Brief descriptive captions
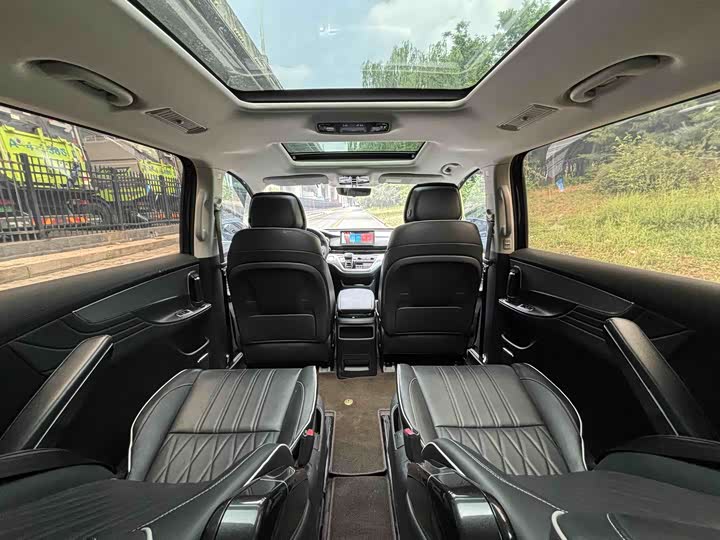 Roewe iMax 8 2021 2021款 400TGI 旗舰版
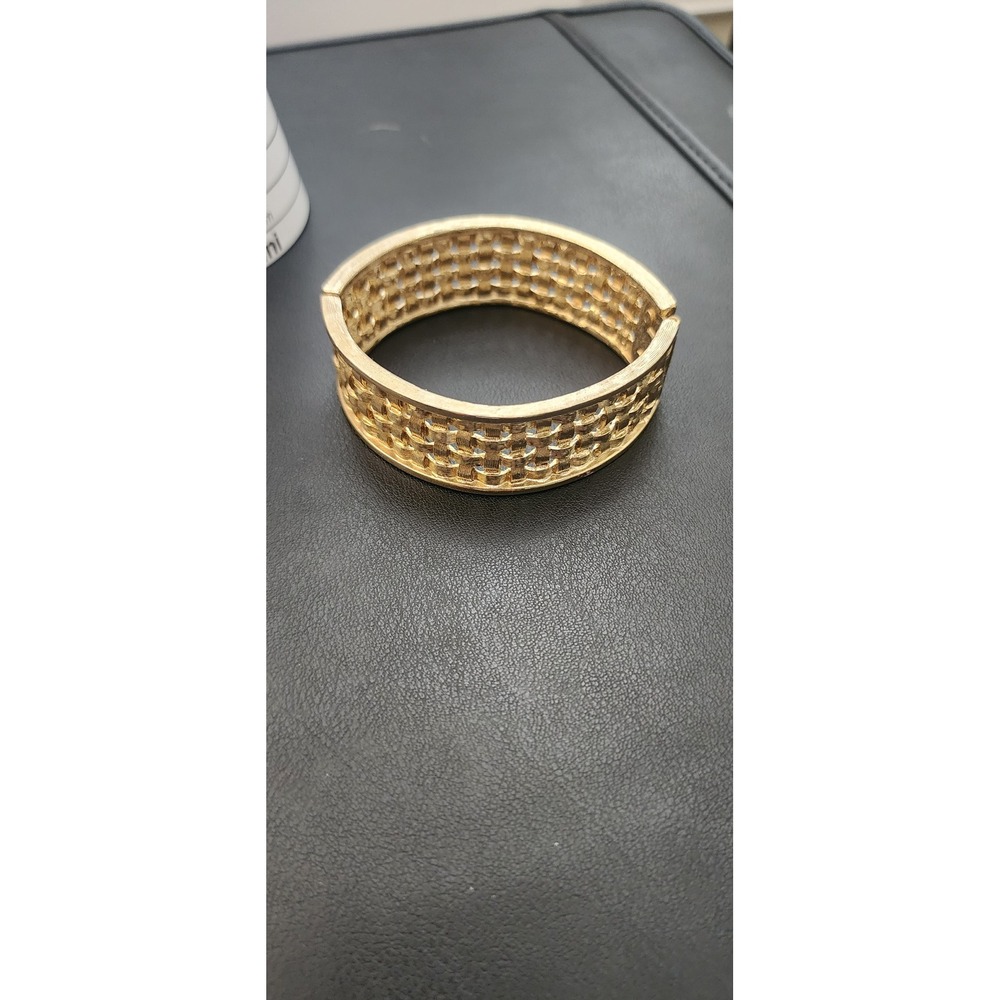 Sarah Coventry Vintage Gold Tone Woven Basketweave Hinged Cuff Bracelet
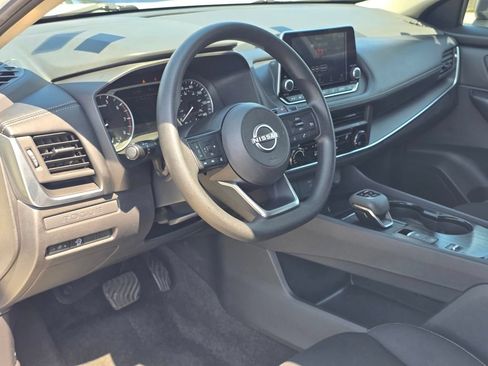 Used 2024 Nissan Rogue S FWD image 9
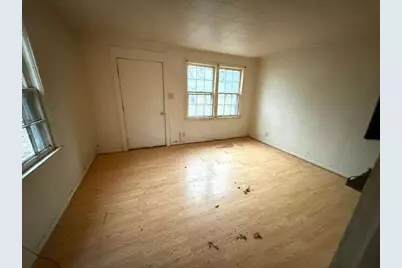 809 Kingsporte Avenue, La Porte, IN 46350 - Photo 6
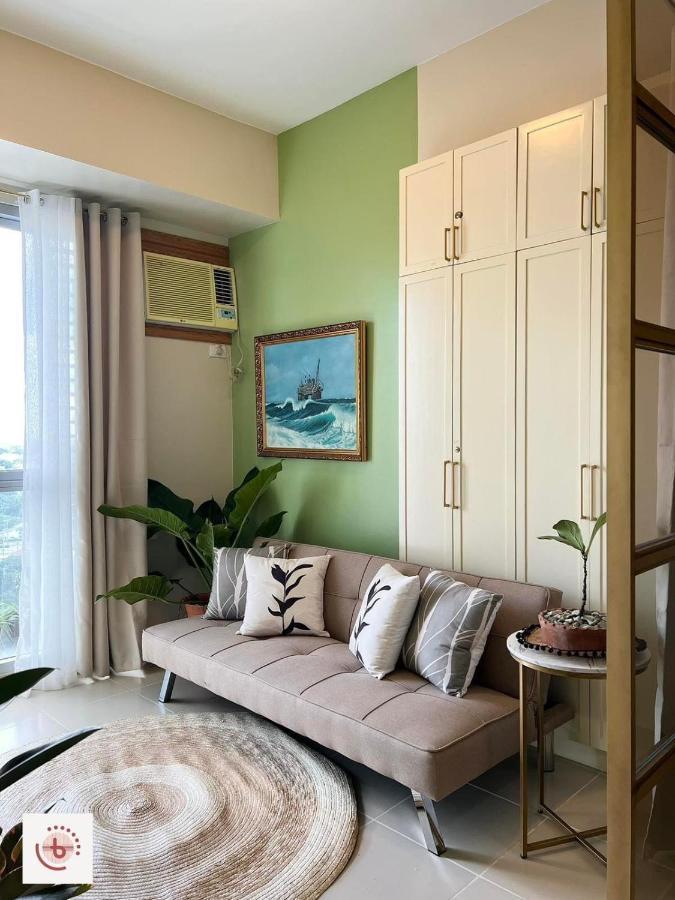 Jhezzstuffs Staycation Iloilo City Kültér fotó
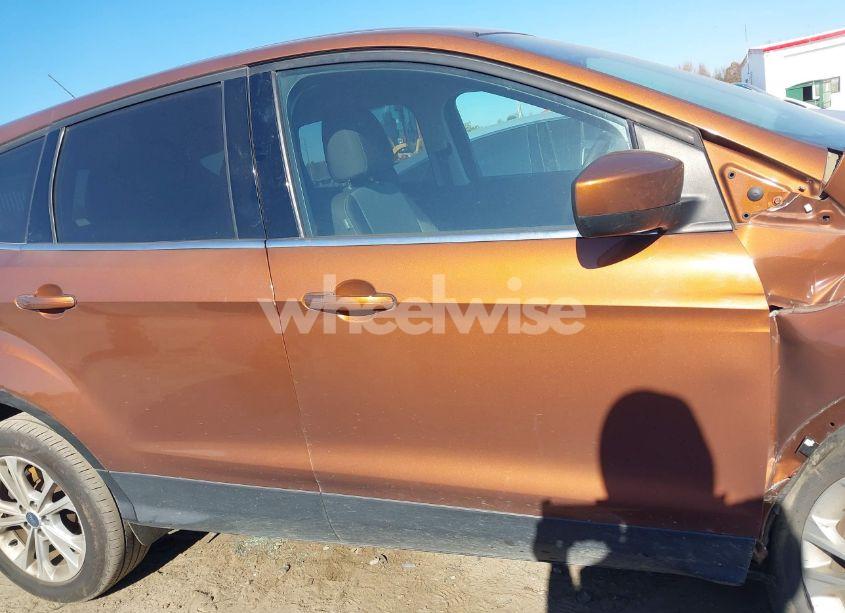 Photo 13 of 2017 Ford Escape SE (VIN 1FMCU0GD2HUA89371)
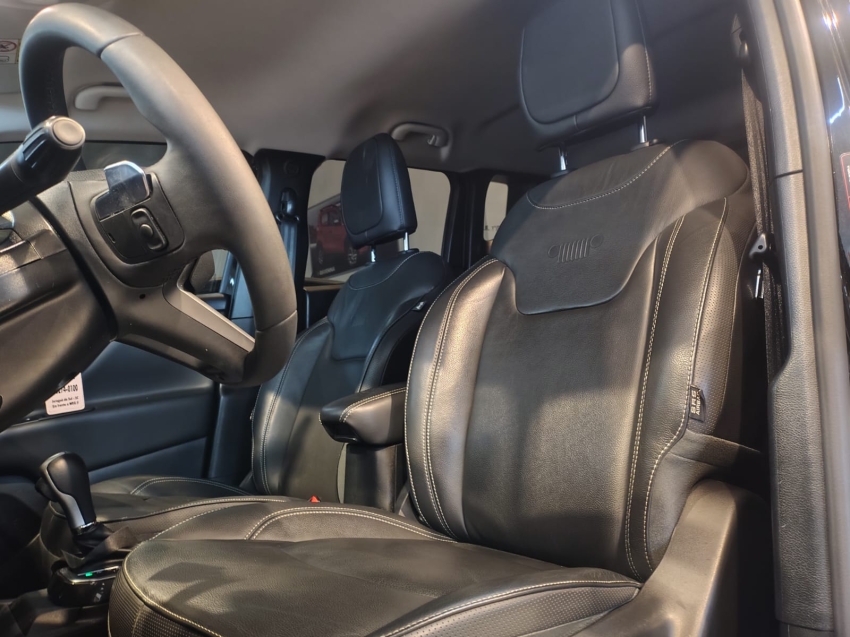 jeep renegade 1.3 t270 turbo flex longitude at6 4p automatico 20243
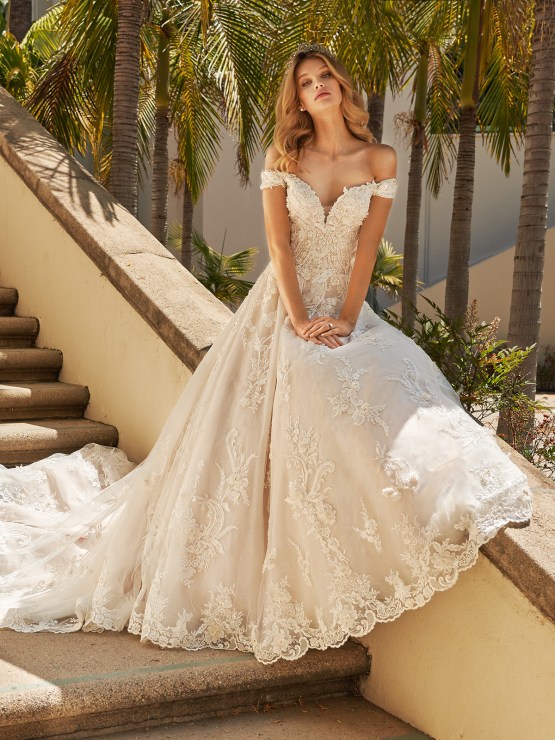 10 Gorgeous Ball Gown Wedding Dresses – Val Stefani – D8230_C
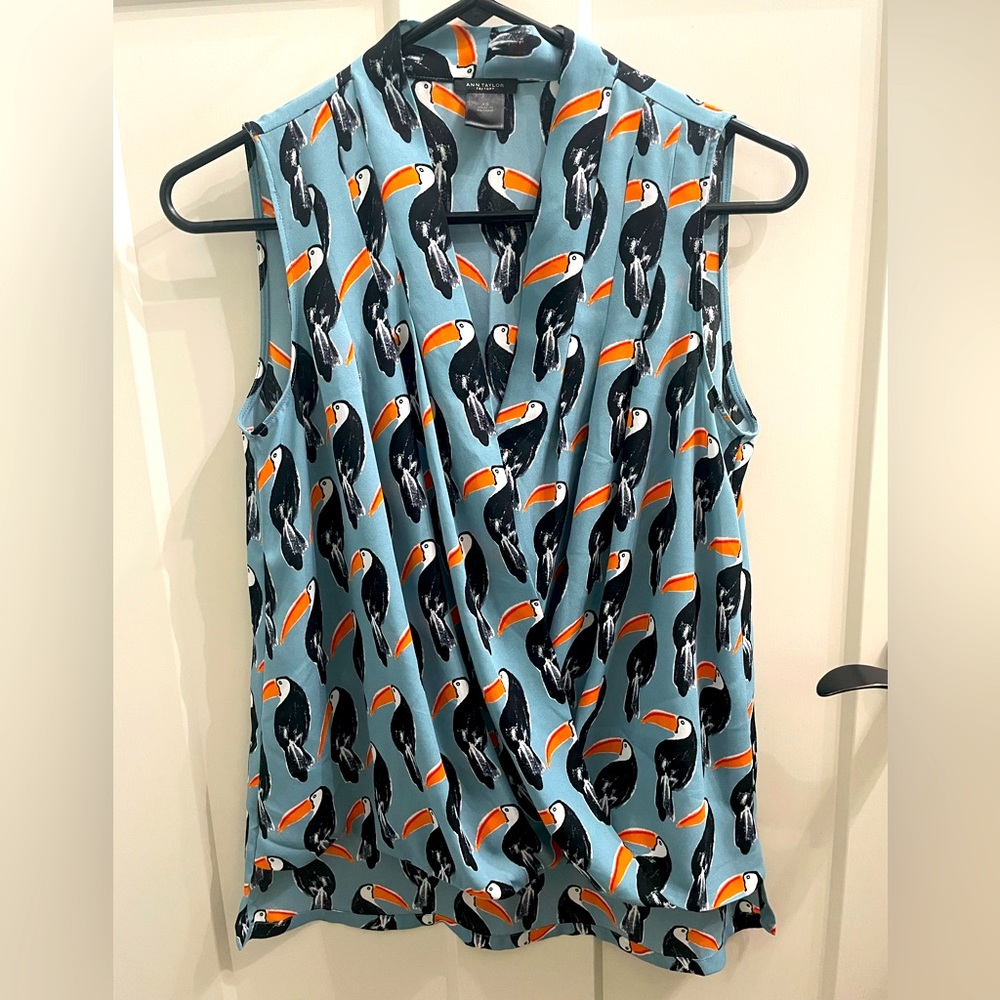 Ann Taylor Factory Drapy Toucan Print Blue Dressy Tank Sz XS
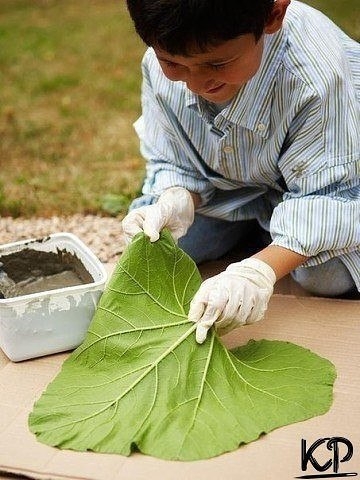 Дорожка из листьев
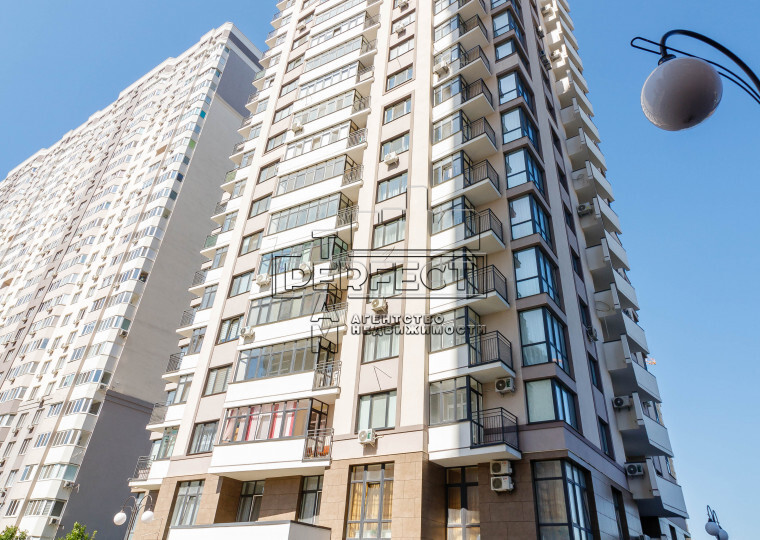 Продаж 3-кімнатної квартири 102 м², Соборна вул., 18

What is being asked >> Nothing outside the stretch above, from the line with "Sarah Coventry Vintage" through the line with "Photo 13 of", is set down. Transcribe that stretch exactly, ends included, but not its pictures.

Exercise response >>
 Sarah Coventry Vintage Gold Tone Woven Basketweave Hinged Cuff Bracelet
 Used 2024 Nissan Rogue S FWD image 9
 809 Kingsporte Avenue, La Porte, IN 46350 - Photo 6
 Jhezzstuffs Staycation Iloilo City Kültér fotó
 Photo 13 of 2017 Ford Escape SE (VIN 1FMCU0GD2HUA89371)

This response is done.